Yep, I noticed it immediately too. Yet it is subtle in reality. I'm not that good to spot imperfections on picture but on the video I immediately felt something was not quite right.


Tangent to feeling numb to it - will it hinder children developing the understanding of physics, object permanence, etc. that our brains have?


There have been children, that reacted iritated, when they cannot swipe away real life objects. The idea is, to give kids enough real world experiences, so this does not happen.


Kids have been exposed to decades of 2D and 3D animations that do not contain realistic physics etc; I’m assuming they developed fine?


Kids aren't supposed to have screen time until they're at least a few years old anyways


I noticed at the beginning that cars are driving on the right side of the road, but in Japan they drive on the left. The AI misses little details like that.

(I'm also not sure they've ever had a couple inches of snow on the ground while the cherry blossoms are in bloom in Tokyo, but I guess it's possible.)


The cat in the "cat wakes up its owner" video has two left front legs, apparently. There is nothing that is true in these videos. They can and do deviate from reality at any place and time and at any level of detail.


These artefacts go down with more compute. In four years when they attack it again with 100x compute and better algorithms I think it'll be virtually flawless.


I had to go back several times to 0:14 to see if it was really unusual. I get it of course, but probably watching 20 times I would have never noticed it.


Yep! Glad I wasn't the only one that saw that. I have a feeling THEY didn't see it or they wouldn't have showcased it.


I don't think that's the case. I think they're aware of the limitations and problems. Several of the videos have obvious problems, if you're looking - e.g. people vanishing entirely, objects looking malformed in many frames, objects changing in size incongruent with perspective, etc.

I think they just accept it as a limitation, because it's still very technically impressive. And they hope they can smooth out those limitations.


They swap multiple times lol. Not to mention it almost always looks like the feet are slightly sliding on the ground with every step.

I mean there are some impressive things there, but it looks like there's a long ways to go yet.

They shouldn't have played it into the close up of the face. The face is so dead and static looking.


certainly not perfect... but "some impressive things" is an understatement, think of how long it took to get halfway decent CGI... this AI thing is already better than clips I've seen people spend days building by hand


This is pretty impressive, it seems that OpenAI consistently delivers exceptional work, even when venturing into new domains. But looking into their technical paper, it is evident that they are benefiting from their own body of work done in the past and also the enormous resources available to them.
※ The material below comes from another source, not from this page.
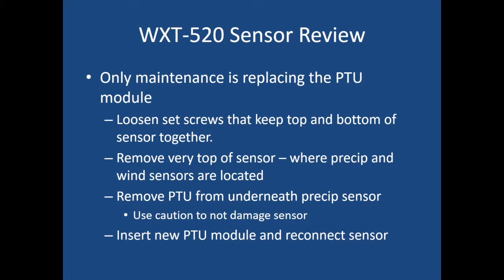The only routine maintenance needed for the WXT 520 is replacing the PTU module every couple of years. Loosen the set screws keeping the top and bottom sensor together, then remove the very top of the sensor — where the precip and wind sensors are located — by hand. Remove the PTU from underneath the precip sensor by popping the tab open and prying it out; use caution and a screwdriver if needed, but avoid damaging the sensor. Then insert the new PTU module, reconnect the sensor top, turn the sensor back on, and you're good to go.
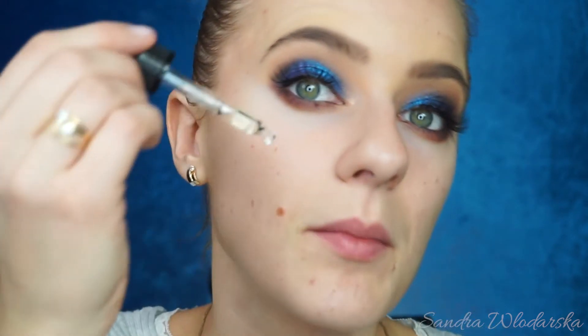Moving on to the face. First of all, I'm going to prime with a serum today. This is the Mitchell & Peach Flora No. 1 — it instantly absorbs. I got this in my beauty advent calendar from Glossy Box. If you've seen the stories or my previous video I uploaded just to show you guys what's inside — this really makes my skin so smooth and nice. I will actually try for the first time today to apply it underneath my foundation.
For instance, the generational leap in video generation capability of SORA may be possible because:

1. Instead of resizing, cropping, or trimming videos to a standard size, Sora trains on data at its native size. This preserves the original aspect ratios and improves composition and framing in the generated videos. This requires massive infrastructure. This is eerily similar to how GPT3 benefited from a blunt approach of throwing massive resources at a problem rather than extensively optimizing the architecture, dataset, or pre-training steps.

2. Sora leverages the re-captioning technique from DALL-E 3 by leveraging GPT to turn short user prompts into longer detailed captions that are sent to the video model. Although it remains unclear whether they employ GPT-4 or another internal model, it stands to reason that they have access to a superior captioning model compared to others.
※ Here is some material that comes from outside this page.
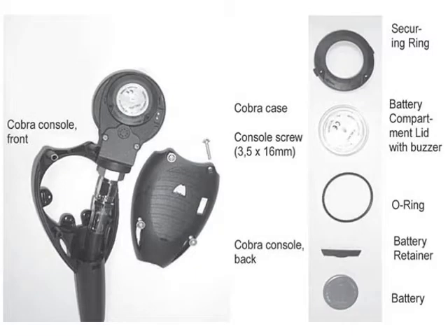Running out of battery during a dive trip? Not a problem. With the Cobra 3, you can change the batteries yourself.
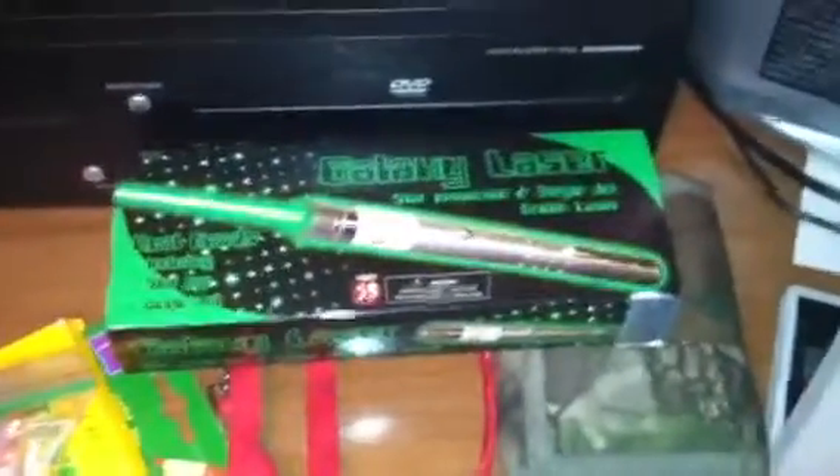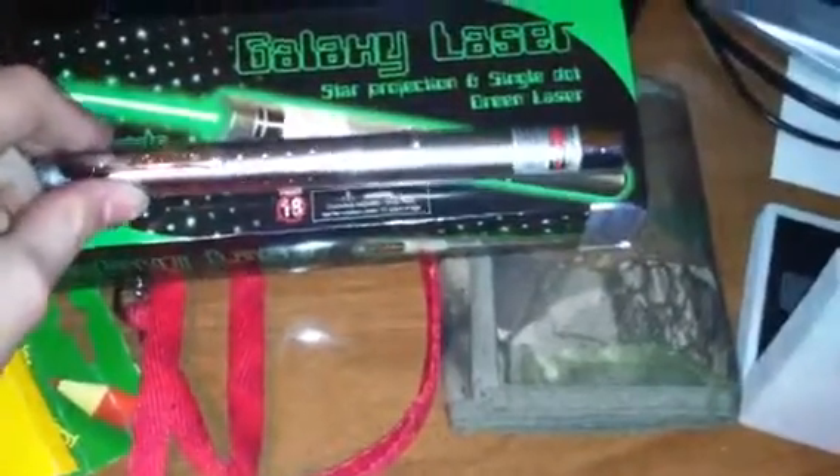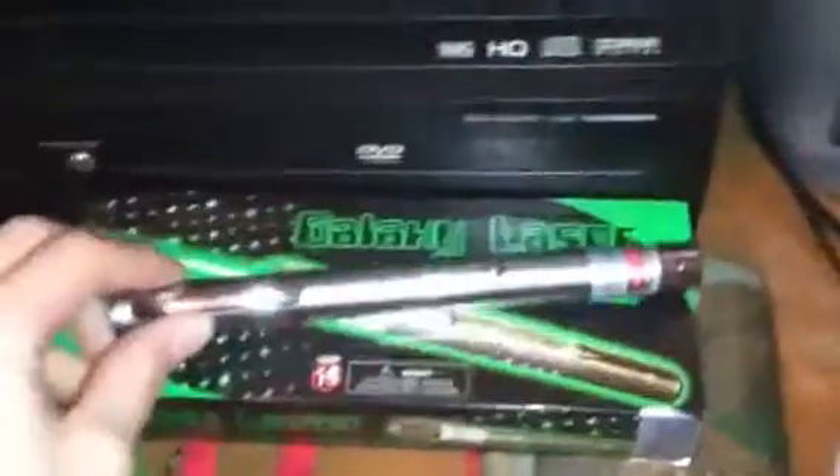Today I'm going to show you my green galaxy laser pointer. I like it a lot — I paid forty dollars for it at Myrtle Beach, South Carolina. It don't look like much, but see what happens.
This is not to say that inertia and resources are the only factors that is differentiating OpenAI, they may have access to much better talent pool but that is hard to gauge from the outside.


https://openai.com/sora?video=big-sur

In this video, there's extremely consistent geometry as the camera moves, but the texture of the trees/shrubs on the top of the cliff on the left seems to remain very flat, reminiscent of low-poly geometry in games.
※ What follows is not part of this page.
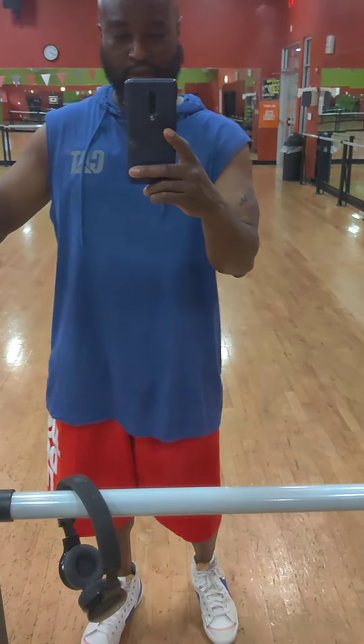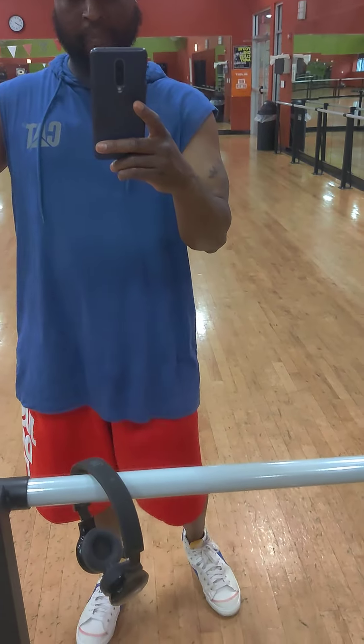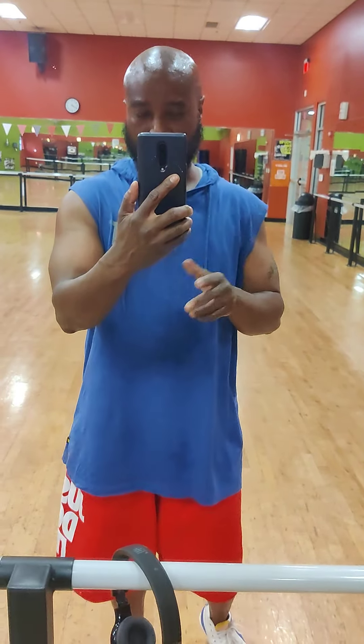So the 50 and 50 is like this: the 50 will start out with 20 at 135, then you'll go 10 at 175, another 10 at 175 — so that's 40 right there — then do 10 at 225. Then you go over to the incline and just hit 50 reps at 135 on the incline.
I wonder if this is an artifact of the way videos are generated. Is the model separating scene geometry from camera? Maybe some sort of video-NeRF or Gaussian Splatting under the hood?


Curious about what current SotA is on physics-infusing generation. Anyone have paper links?

OpenAi has a few details:

>> The current model has weaknesses. It may struggle with accurately simulating the physics of a complex scene, and may not understand specific instances of cause and effect. For example, a person might take a bite out of a cookie, but afterward, the cookie may not have a bite mark.

>> Similar to GPT models, Sora uses a transformer architecture, unlocking superior scaling performance.

>> We represent videos and images as collections of smaller units of data called patches, each of which is akin to a token in GPT. By unifying how we represent data, we can train diffusion transformers on a wider range of visual data than was possible before, spanning different durations, resolutions and aspect ratios.

>> Sora builds on past research in DALL·E and GPT models. It uses the recaptioning technique from DALL·E 3, which involves generating highly descriptive captions for the visual training data. As a result, the model is able to follow the user’s text instructions in the generated video more faithfully.

The implied facts that it understands physics of simple scenes and any instances of cause and effect are impressive!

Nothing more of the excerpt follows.